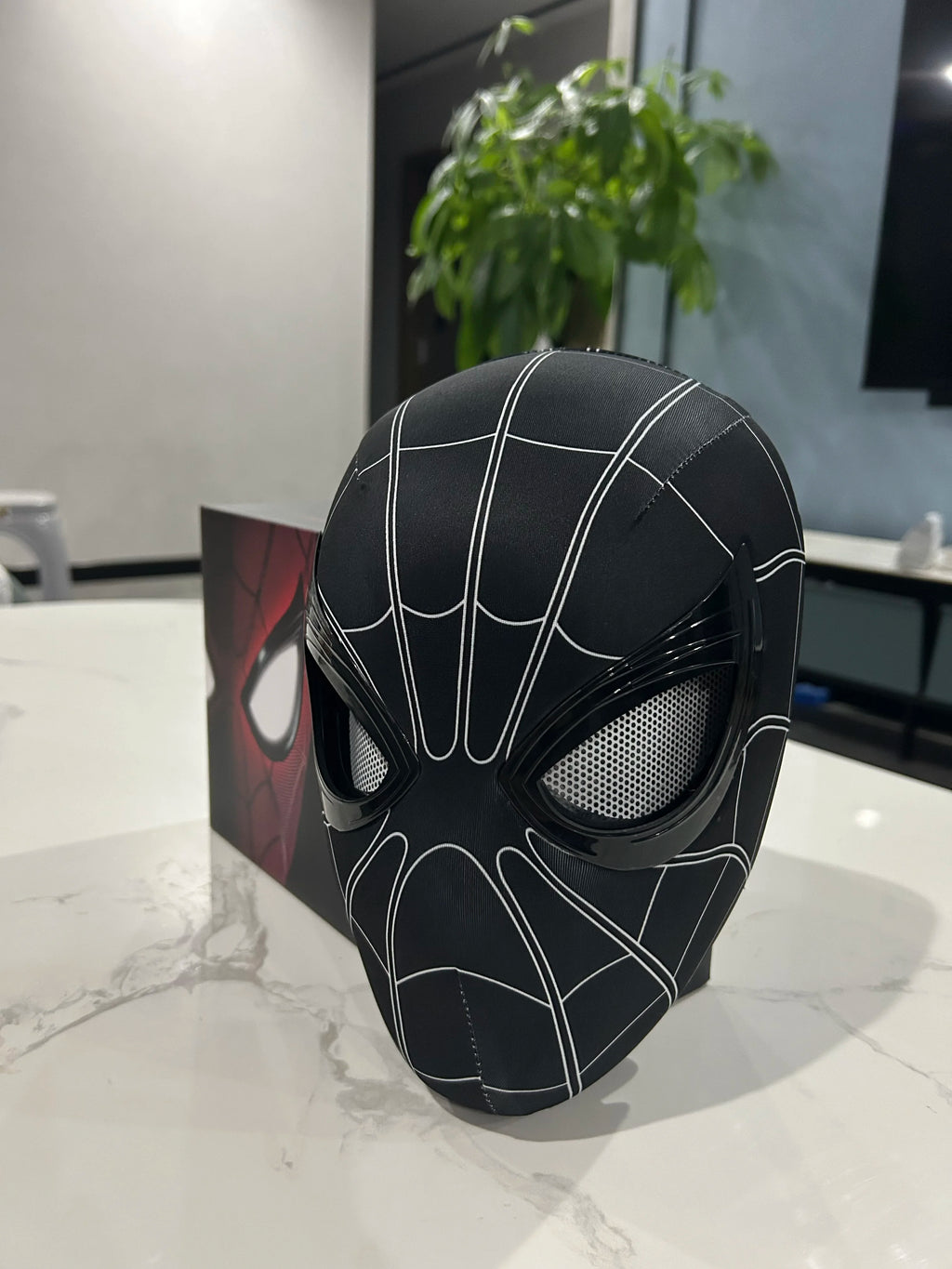 Wearable Cosplay Full Face Headgear with Movable Eyes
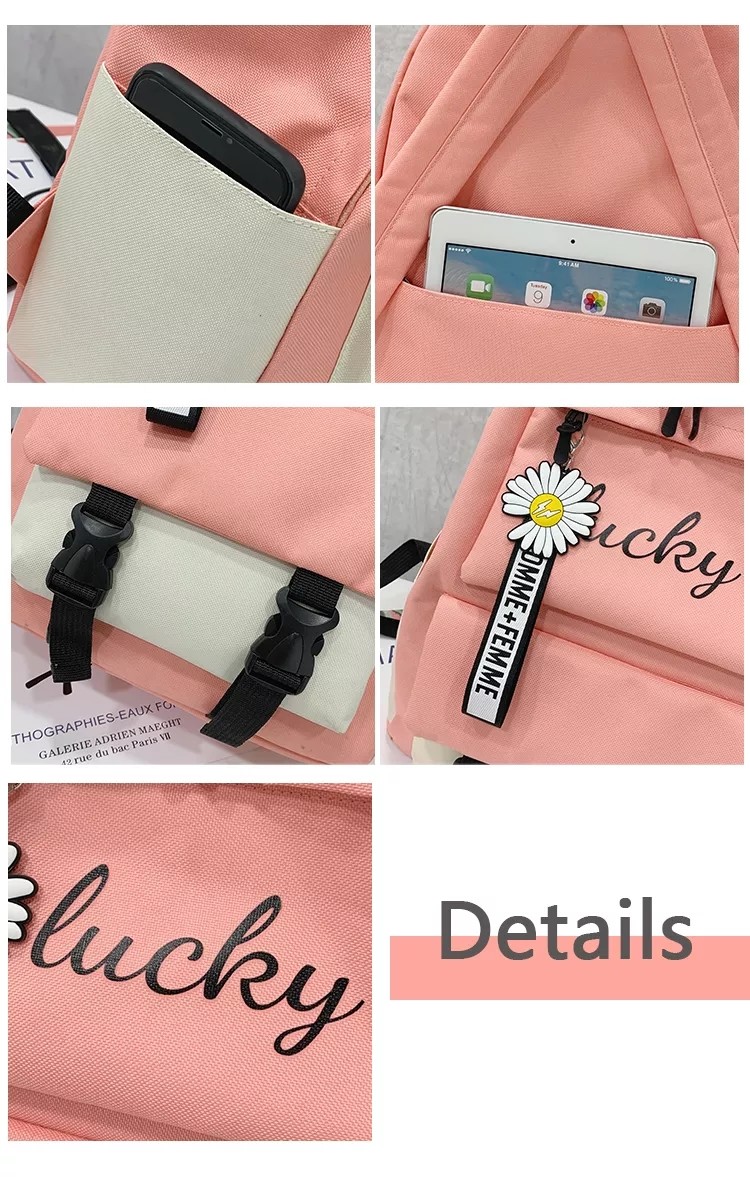Multifunctional Kids School Bag Set 5 In 1 Waterproof Student Bag 1.37 Inch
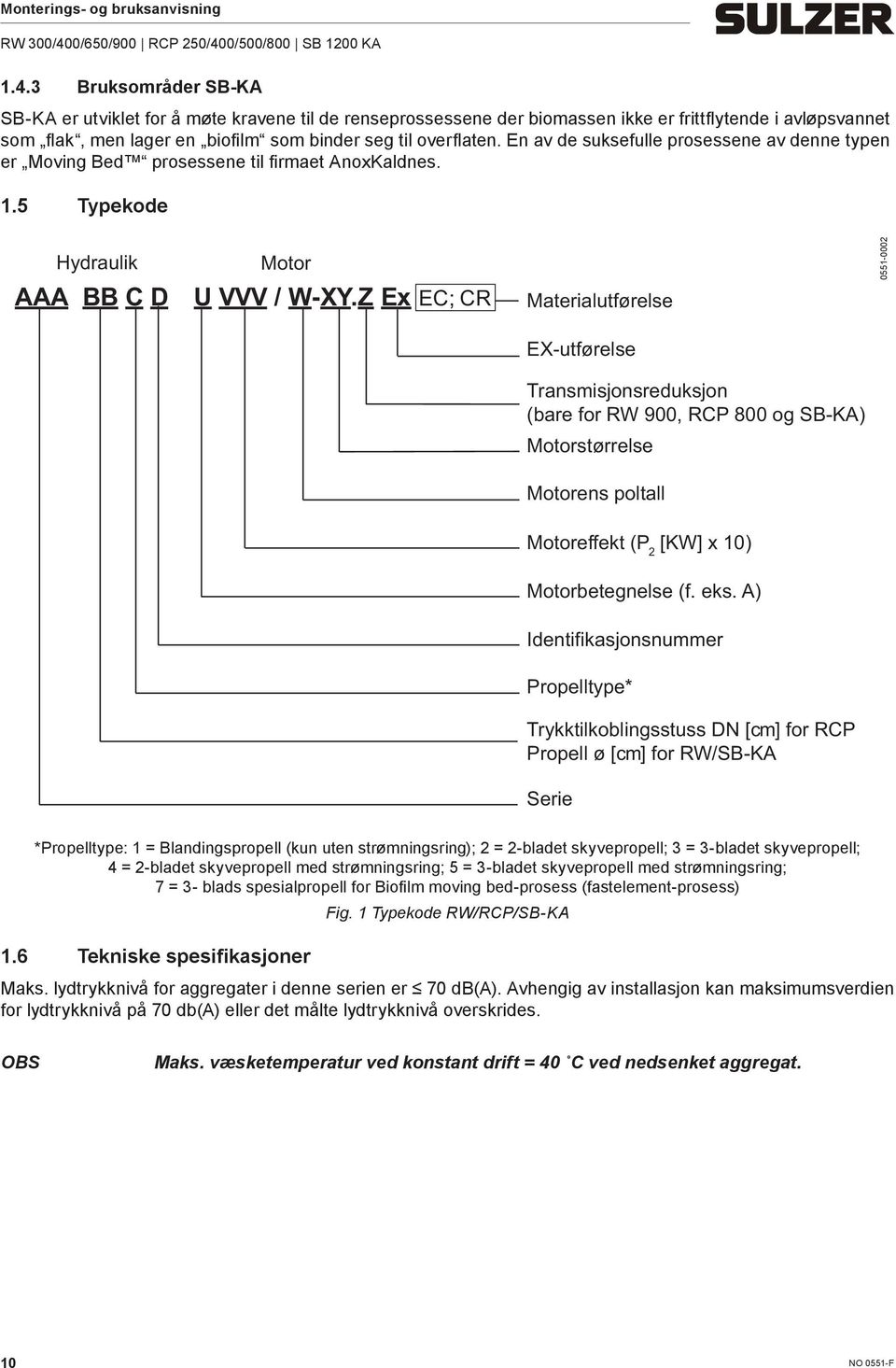 Z Ex EC; CR Materialutførelse EX-utførelse Transmisjonsreduksjon (bare for RW 900, RCP 800 og SB-KA) Motorstørrelse Motorens poltall 0551-0002 Motoreffekt (P 2 [KW] x 10) Motorbetegnelse (f. eks.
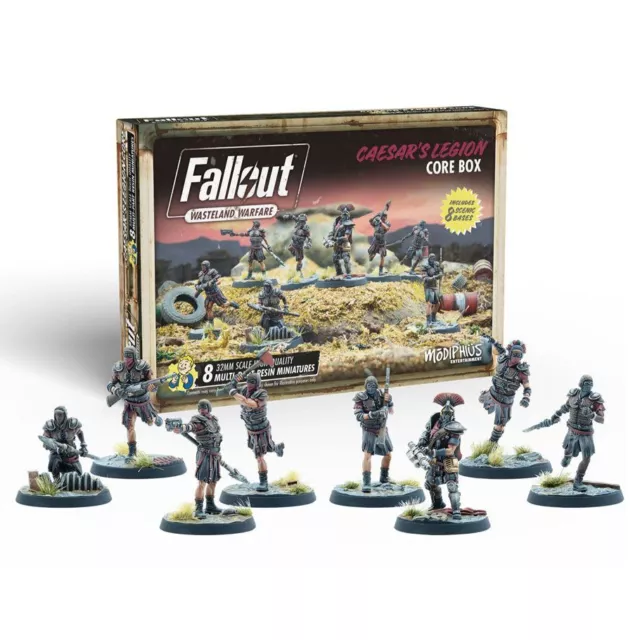 Fallout Wasteland Warfare: Caesar's Legion Core Box Miniatures MUH052148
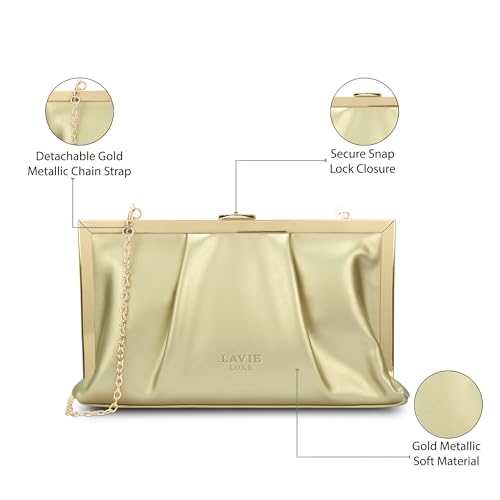 Image of Lavie Luxe Women's Pleatz25 Framed Clutch | Ladies purse | Gift For Women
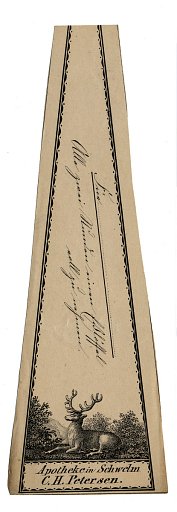 Prescription Label, Apotheke in Schwelm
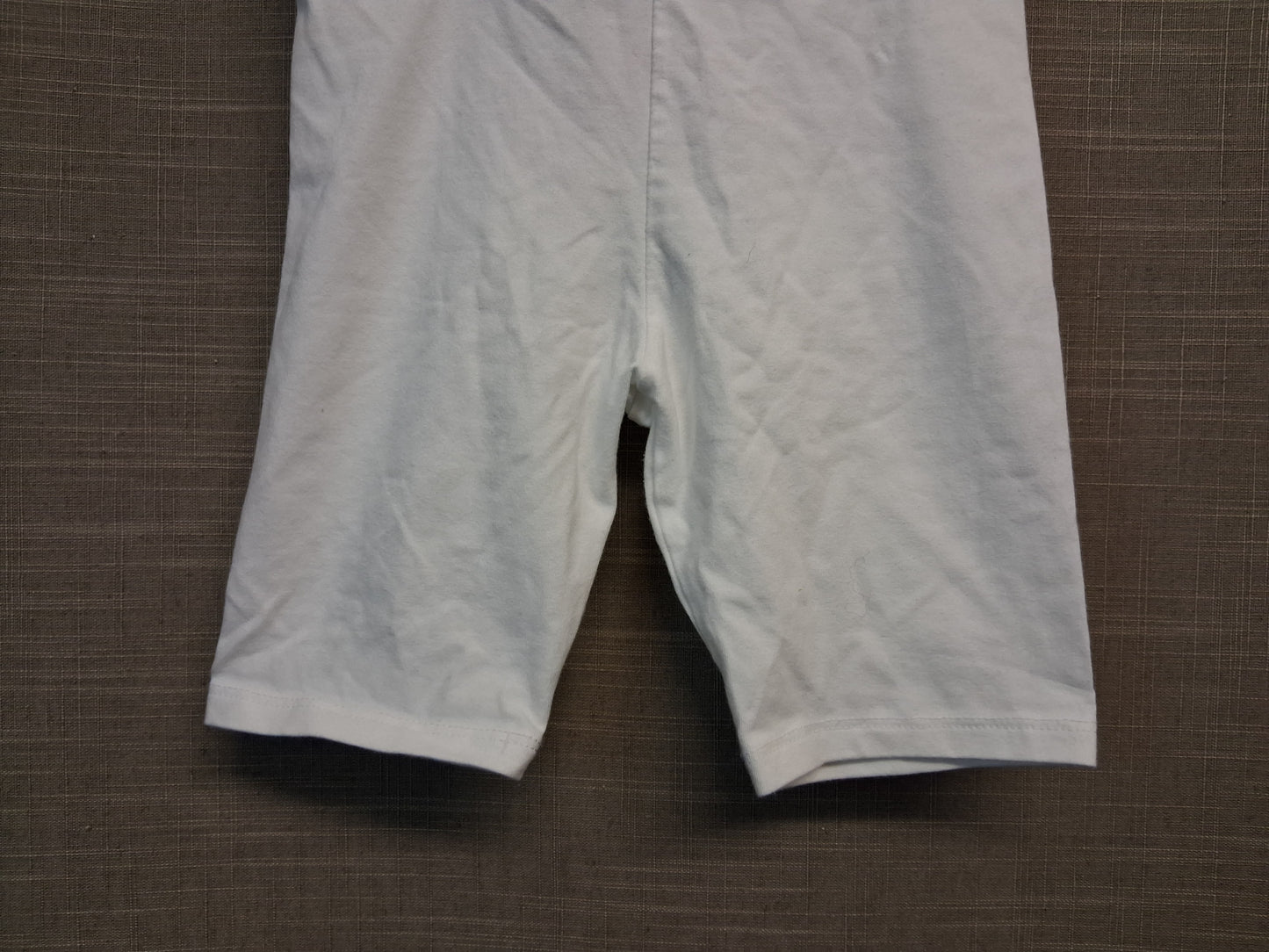 F&F Girls White Legging Shorts Age 5-6 Years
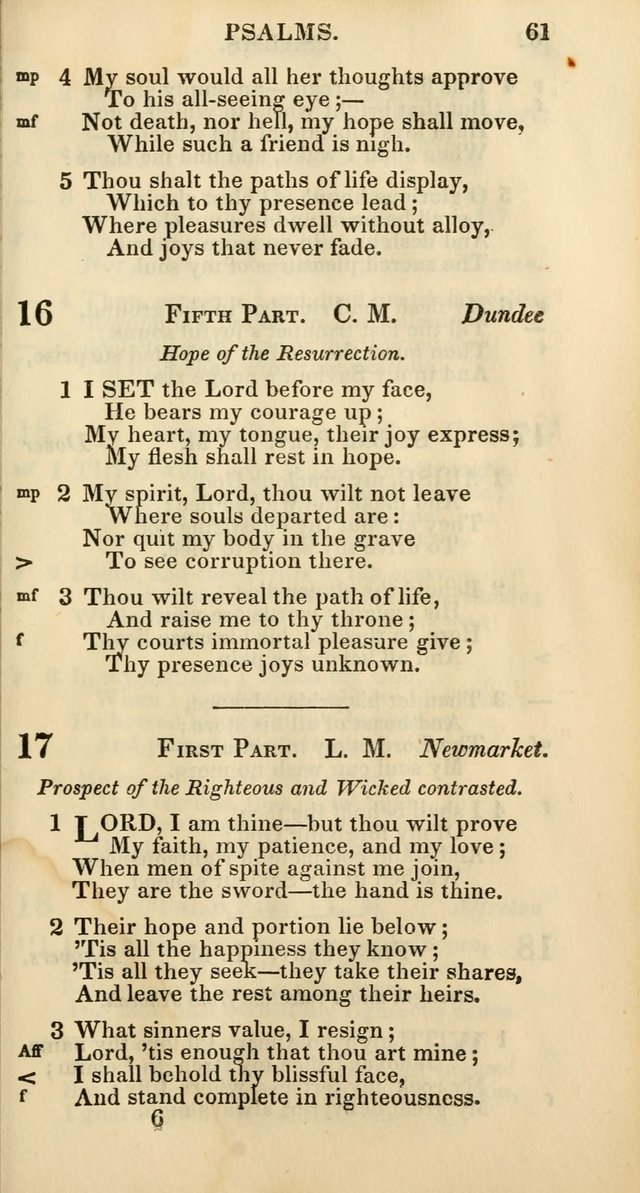 Church Psalmody: a Collection of Psalms and Hymns Adapted to Public Worship page 66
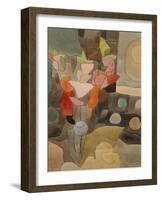 Still Life with Gladioli; Gladiolen Still Leben-Paul Klee-Framed Giclee Print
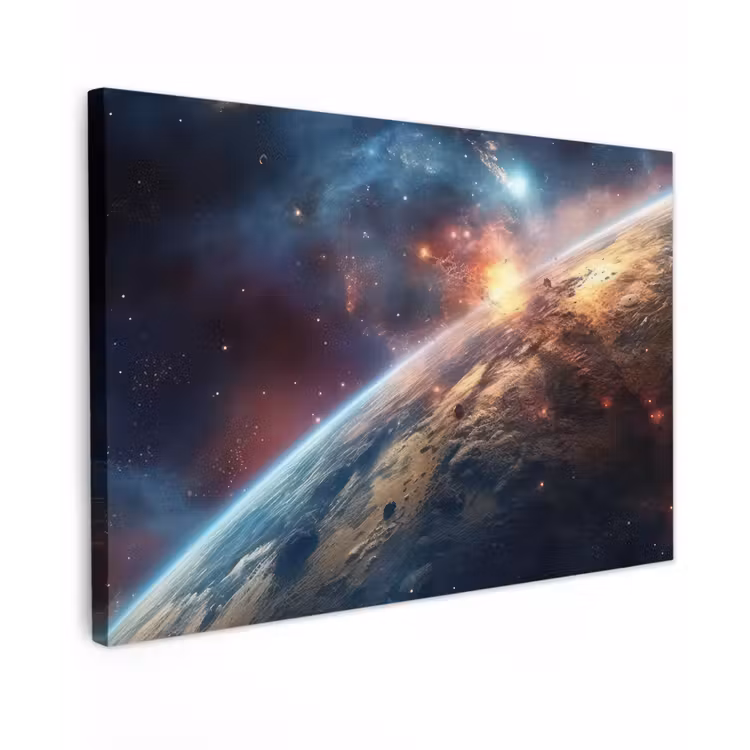 Canvas schilderij - Heelal - Sterren - Ruimte - Planeet — 1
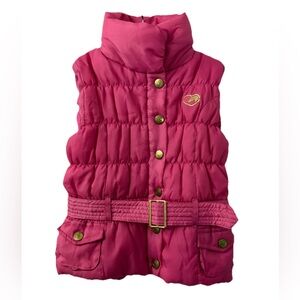 Ecko Red Kids Puffy Vest Girls 4T Sour Berry Pink NWT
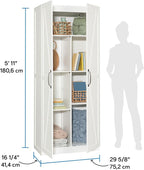 Sauder Miscellaneous Storage Cabinet, White Finish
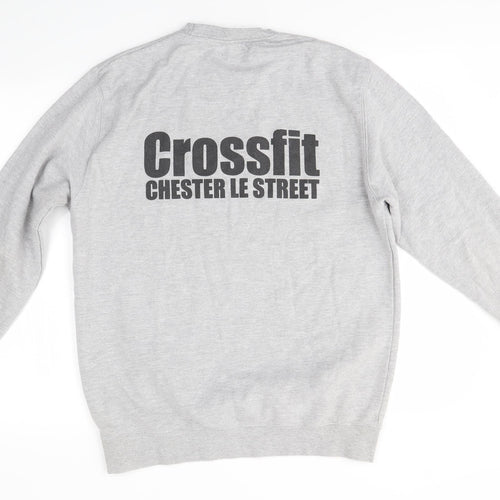 CROSSFIT CHESTER LE STREET Mens Green   Pullover Jumper Size L  - DIG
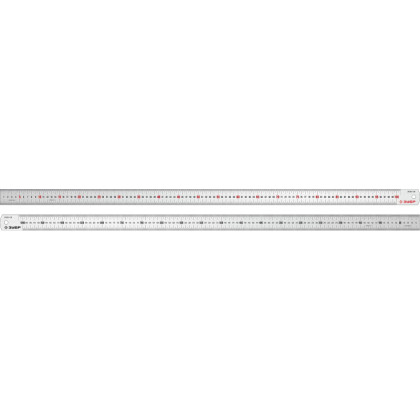 Линейка усиленная нержавеющая ЗУБР  Про-100, длина 1.0 м (34280-100)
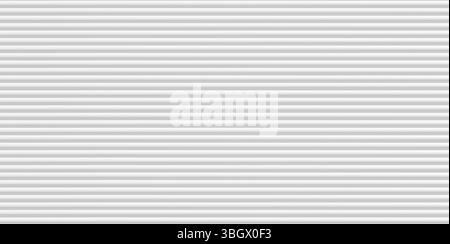 abstract 3D volume smooth striped plastic pipe pattern or texture for background Stock Photo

TASK DIRECTIONS |
What is needed is an exact restatement of the lines from the line with "Multifunctional Kids School" through the final line of the data, pictures excluded.

RESULT FOR THIS EXERCISE |
Multifunctional Kids School Bag Set 5 In 1 Waterproof Student Bag 1.37 Inch
 Z Ex EC; CR Materialutførelse EX-utførelse Transmisjonsreduksjon (bare for RW 900, RCP 800 og SB-KA) Motorstørrelse Motorens poltall 0551-0002 Motoreffekt (P 2 [KW] x 10) Motorbetegnelse (f. eks.
 Fallout Wasteland Warfare: Caesar's Legion Core Box Miniatures MUH052148
 Image of Lavie Luxe Women's Pleatz25 Framed Clutch | Ladies purse | Gift For Women
 Prescription Label, Apotheke in Schwelm
 F&F Girls White Legging Shorts Age 5-6 Years
 Church Psalmody: a Collection of Psalms and Hymns Adapted to Public Worship page 66
 Still Life with Gladioli; Gladiolen Still Leben-Paul Klee-Framed Giclee Print
 Canvas schilderij - Heelal - Sterren - Ruimte - Planeet — 1
 Ecko Red Kids Puffy Vest Girls 4T Sour Berry Pink NWT
 Sauder Miscellaneous Storage Cabinet, White Finish
 CROSSFIT CHESTER LE STREET Mens Green   Pullover Jumper Size L  - DIG
 Линейка усиленная нержавеющая ЗУБР  Про-100, длина 1.0 м (34280-100)
 abstract 3D volume smooth striped plastic pipe pattern or texture for background Stock Photo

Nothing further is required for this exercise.